Embattled chairman of the Economic and Financial Crimes Commission has threatened to go on hunger strike if he is not released from detention.
According to a report by Vanguard, Magu is facing fresh corruption allegations from Nigerians within and outside the country.
The report quoted a source who disclosed that Magu may not be released from detention until he responds satisfactorily to all allegations against him.
The source said: “You are aware that they (detectives) have searched his house. Detectives that carried out the search combed his house. It was after the search that they arrested seven of his aides as part of the probe.
“Justice Salami is simply carrying out stern instructions from the Presidency over the issue of Magu and it was after he discovered that it will be virtually impossible to grant him bail that Magu started threatening to go on hunger strike, with a view to drawing public sympathy.
“However, it was learned that when the Presidency got information about his plans to go on strike, in insisted that the embattled EFCC acting chairman will not be released until he returns all the money he was accused of misappropriating.”

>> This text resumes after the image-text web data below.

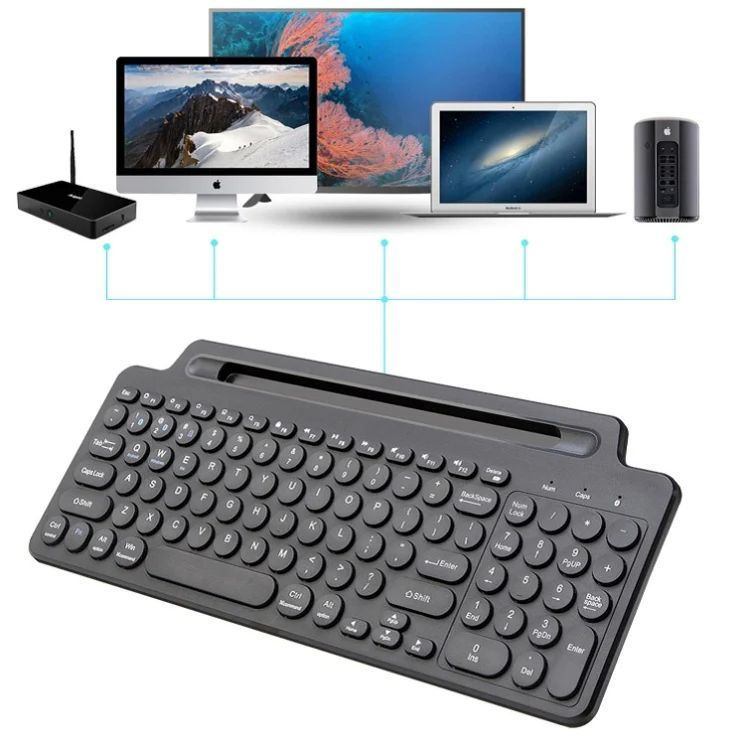 WIRELESS BLUETOOTH KEYBOARD WITH TOUCHPAD - Image 2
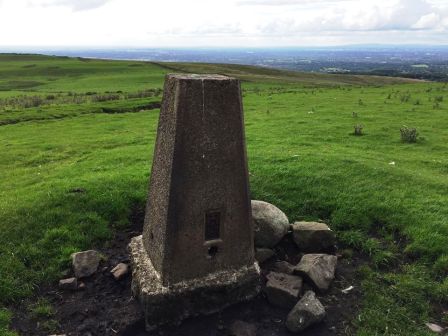 Summit of Sponds Hill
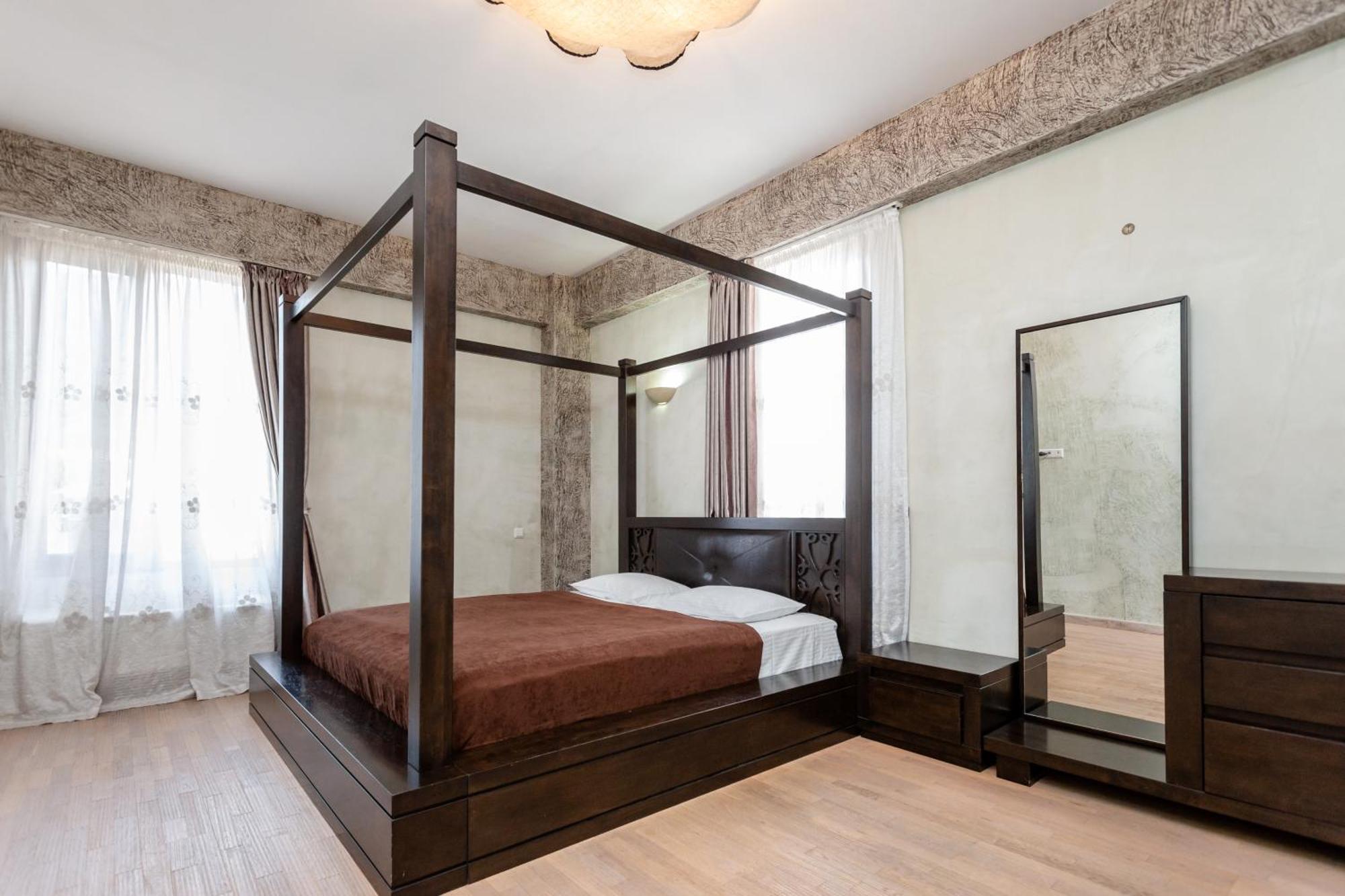 Serviced Apartment On Rustaveli Avenue 9 Tbiliszi Kültér fotó
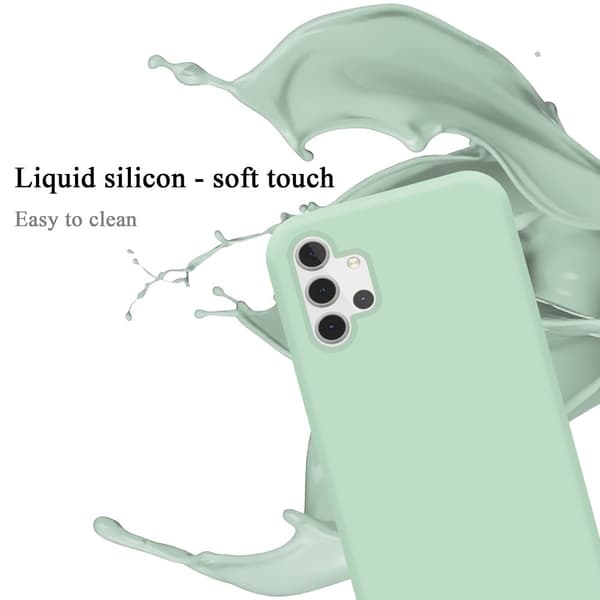 Samsung Galaxy A32 5G Skal Fodral av flexibelt TPU-silikon Case Cover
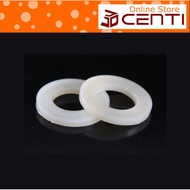 RING PLAT WASHER FLAT RING NYLON NYLON M2 M2.5 M3 M4 M5 M6 M8 M10 2mm 2.5mm 3mm 4mm 5mm 6mm 8mm 10mm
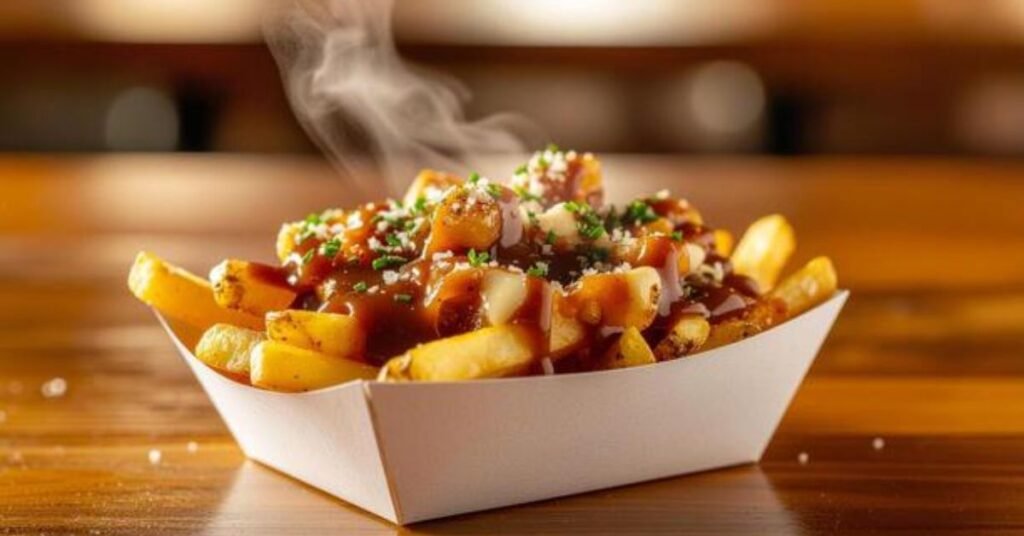 Poutine in Canada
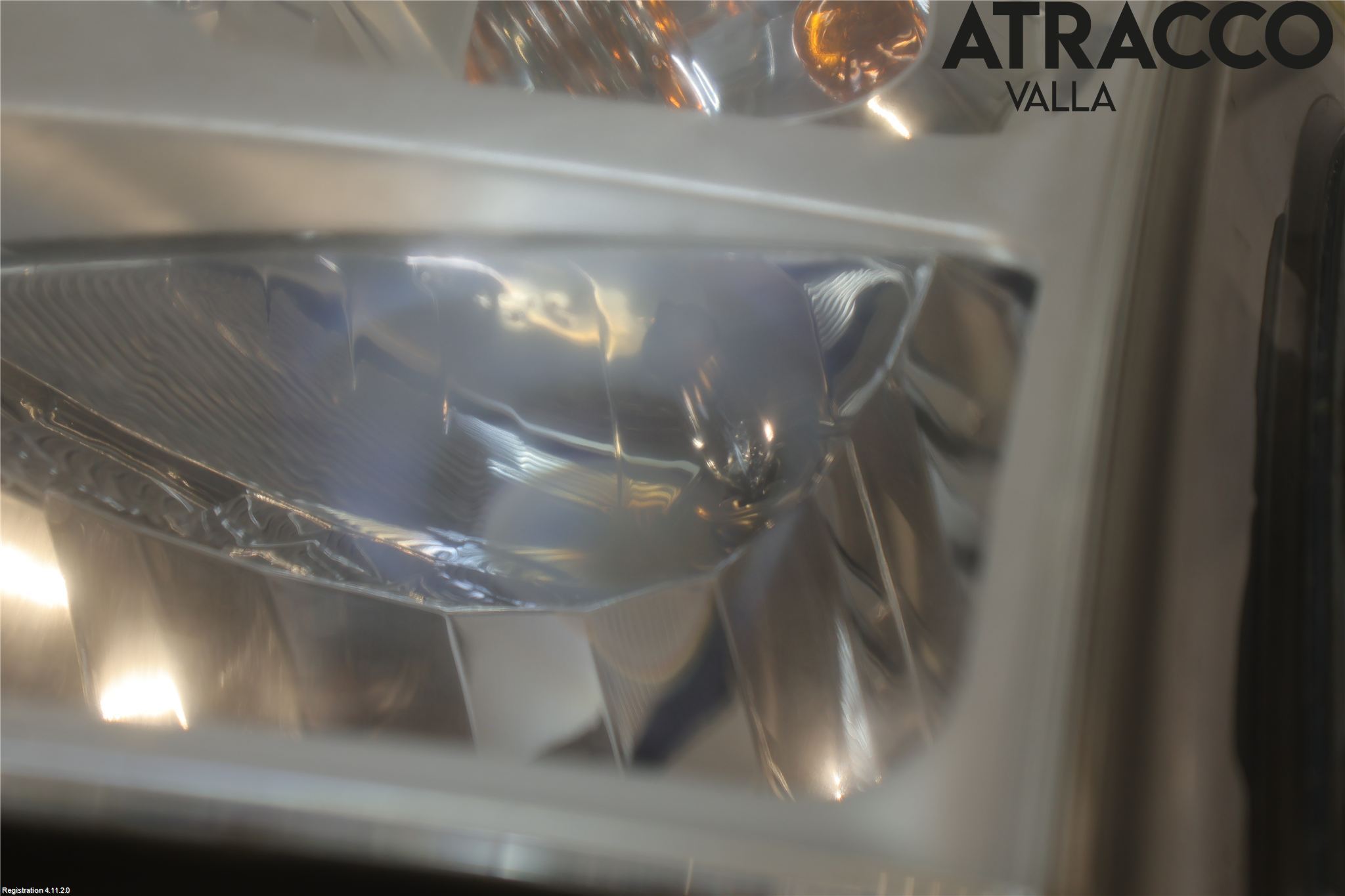 Ford TRANSIT    06-13 Strålkastare Vänster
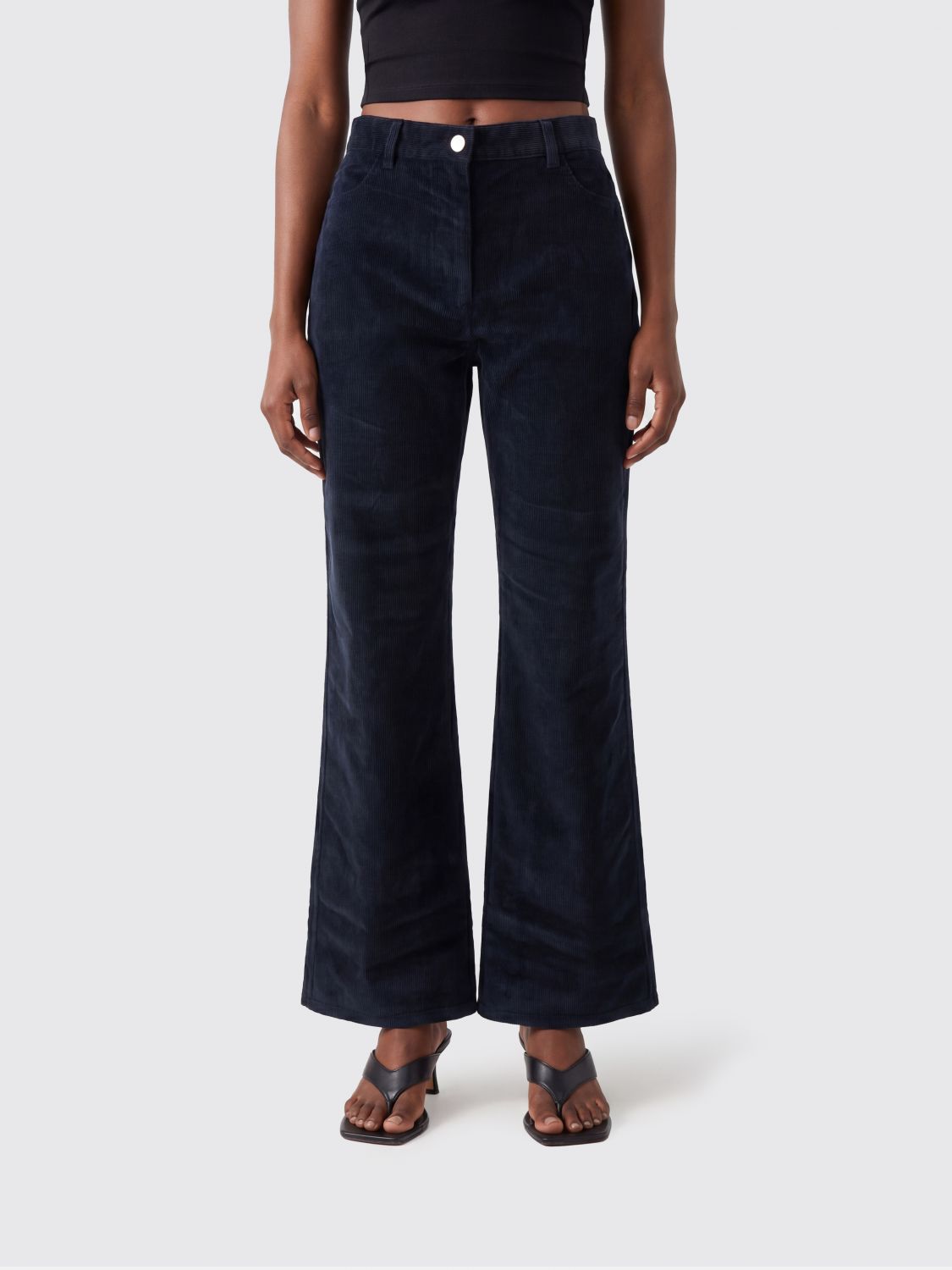 TOTEME Pants Woman color Black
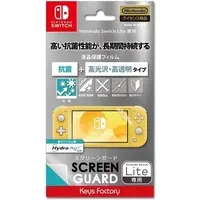 Nintendo Switch - Video Game Accessories (スクリーンガード Lite 抗菌+高光沢・高透明タイプ)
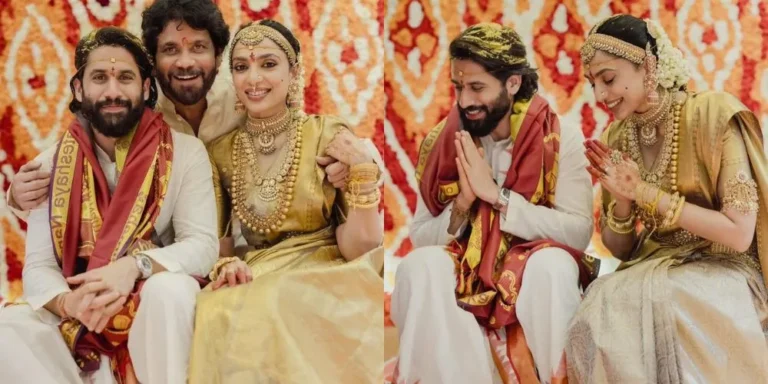 Naga Chaitanya and Sobhita Dhulipala Tie the Knot in a Grand Ceremony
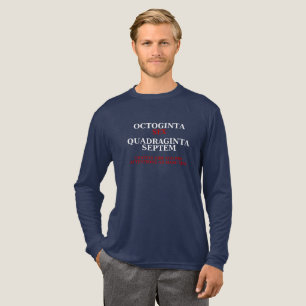 T-shirt En Tri-matière Notre chemise latine — IYKYK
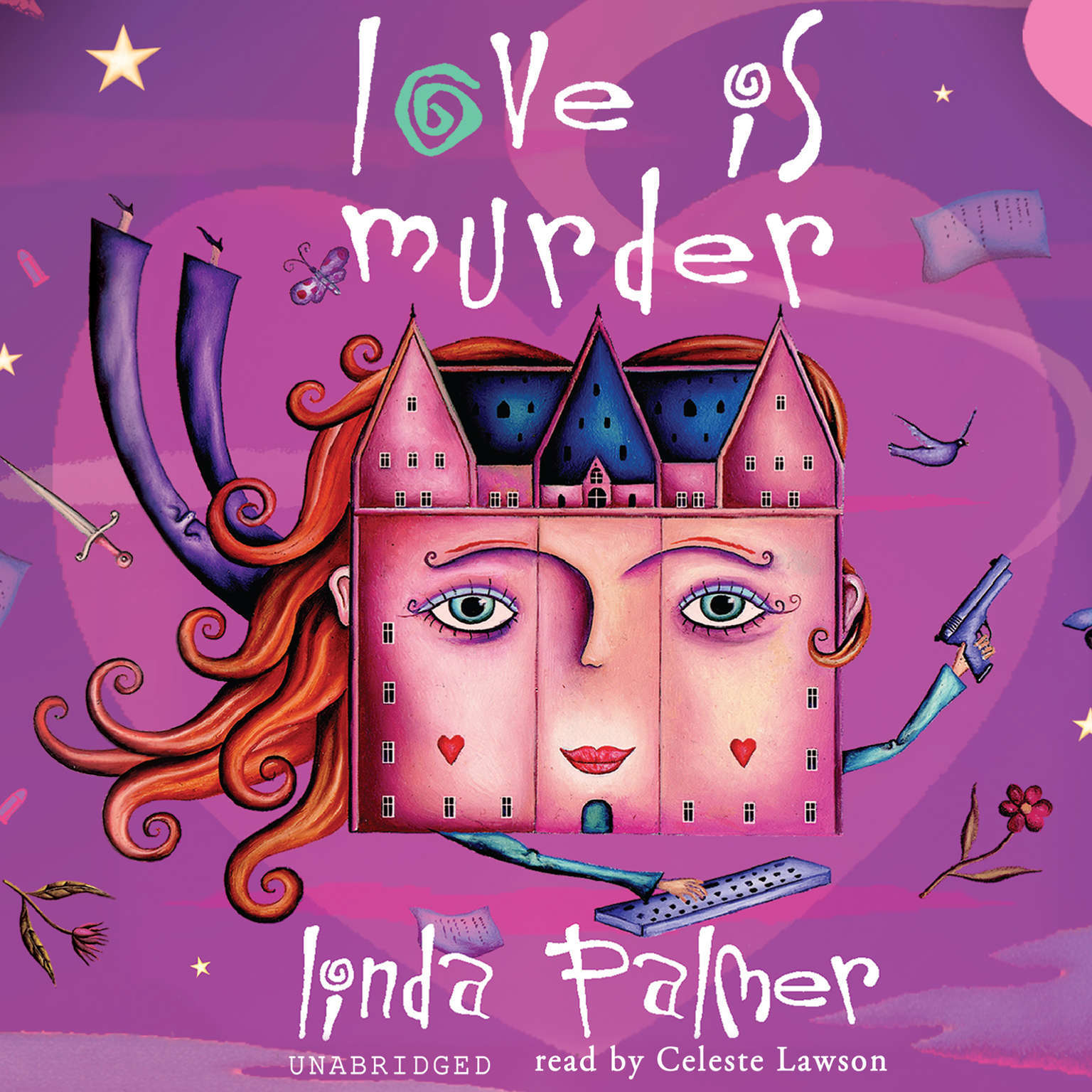 Love Is Murder by Linda Palmer 2004 Unabridged CD 9780786184781
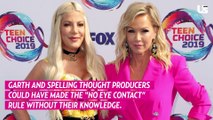 Tori Spelling And Jennie Garth React To Jessica Alba’s ‘Beverly Hills, 90210’ No Eye Contact Claim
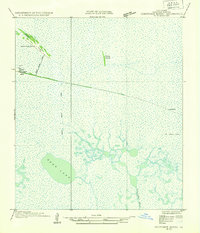 Constance Bayou NW 1932 topographic map thumbnail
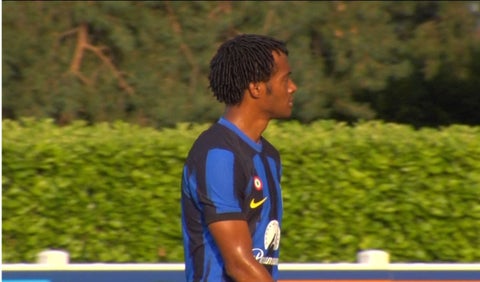 Debut de Juan Guillermo Cuadrado con el Inter de Milán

A day after Mr Magu was arrested, he was suspended from office, according to multiple sources briefed on the matter. Since the suspension, however, there has been no official announcement on it or on who would head the EFCC in the interim.
At the EFCC headquarters in Abuja, Mr Olukoyede and the commission’s director of operations, Mohammed Umar, continue to supervise the agency, with neither of them being formally appointed as acting head of the agency yet.
On the same day Mr Magu was suspended, a combined team of riot policemen and operatives of the State Security Services (SSS) searched his house in Karu, Abuja.